First, we consider applying the one-dimensional quantum transverse-field Ising model [134, 135] in quantum metrology. Its Hamiltonian reads

$$\hat{H}=-J\sum_{i=1}^{L-1}\hat{\sigma}_{i}^{x}\hat{\sigma}_{i+1}^{x}-h\sum_{i=1}^{L}\hat{\sigma}_{i}^{z},$$

(50)

where $\hat{\sigma}_{i}^{x/z}$ are Pauli operators and $L$ is the size of spin chain. Using the standard Jordan-Wigner, Fourier, and Bogoliubov transformations, Eq. (50) is rewritten as $\hat{H}=\sum_{k>0}\Lambda_{k}(\hat{\eta}_{k}^{\dagger}\hat{\eta}_{k}-1)$, where $k=(2n+1)\pi/L$, with $n=0,\cdots,L/2-1$, $\hat{\eta}_{k}$ is the fermion annihilation operator, and $\Lambda_{k}=\sqrt{(J\cos k+h)^{2}+(J\sin k)^{2}}$ is the excitation energy.
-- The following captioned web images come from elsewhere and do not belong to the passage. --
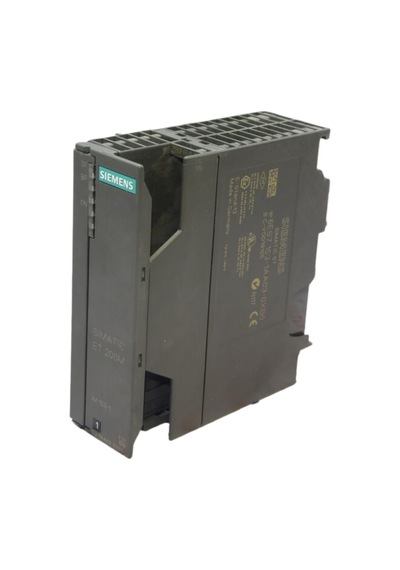 6es7153-1aa03-0xb0 Et200m, Interface Module Im153-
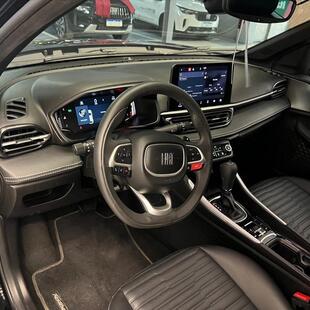 Fiat FASTBACK 1.0 TURBO 200 FLEX IMPETUS CVT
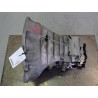 MERCEDES-BENZ GEARBOXES  MERCEDES-BENZ 190 1988>1993 used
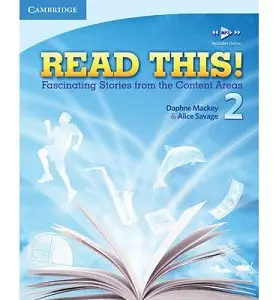 Read This! 2 Student's Book with Free Mp3 Online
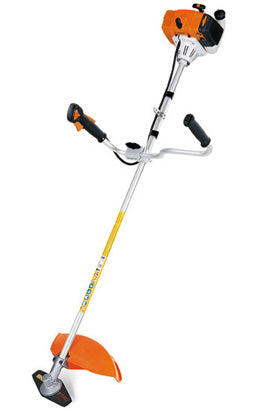 Agroequipos Alpujarra | Guadaña STIHL FS 120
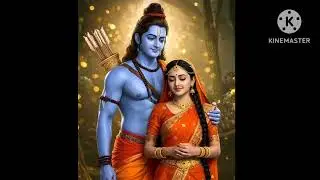  #इस भजन को सुनने से मन की शांति मिलती है जय श्री राम जय हनुमान।#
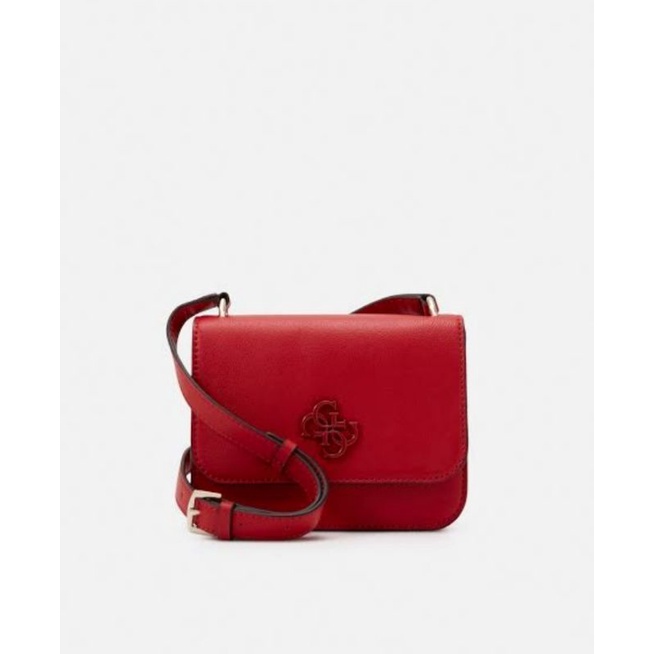 Tas Guess sale original store noelle mini crossbody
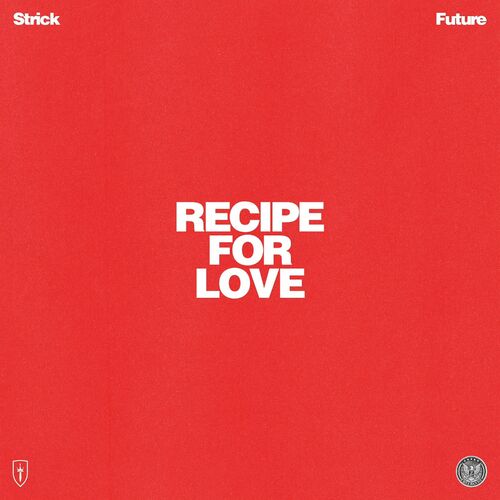 RECIPE FOR LOVE از Strick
It has a quantum phase transition from an ordered phase to a paramagnetic phase at the critical point $h=J$. The QFI for the parameter $J$ in the ground state is

$$\mathcal{F}_{J}=\sum_{k}\frac{(J+\frac{z_{c}}{L})^{2}\sin^{2}k}{[\frac{z_{c}^{2}}{L^{2}}+4J(J+\frac{z_{c}}{L})\cos^{2}{k\over 2}]^{2}},$$

(51)

where $z_{c}\equiv L(h-J)$ is the scaling variable. Since $\partial_{z_{c}}\mathcal{F}_{J}|_{z_{c}\rightarrow 0}=0$, $\mathcal{F}_{J}$ has a maximum at $z_{c}=0$ for all values of $L$. It scales with $L$ as the HL, i.e., $\mathcal{F}_{J}\approx\frac{L^{2}}{8J^{2}}$ in the critical region, while it scales as $L^{1}$ in the off-critical region [135, 136].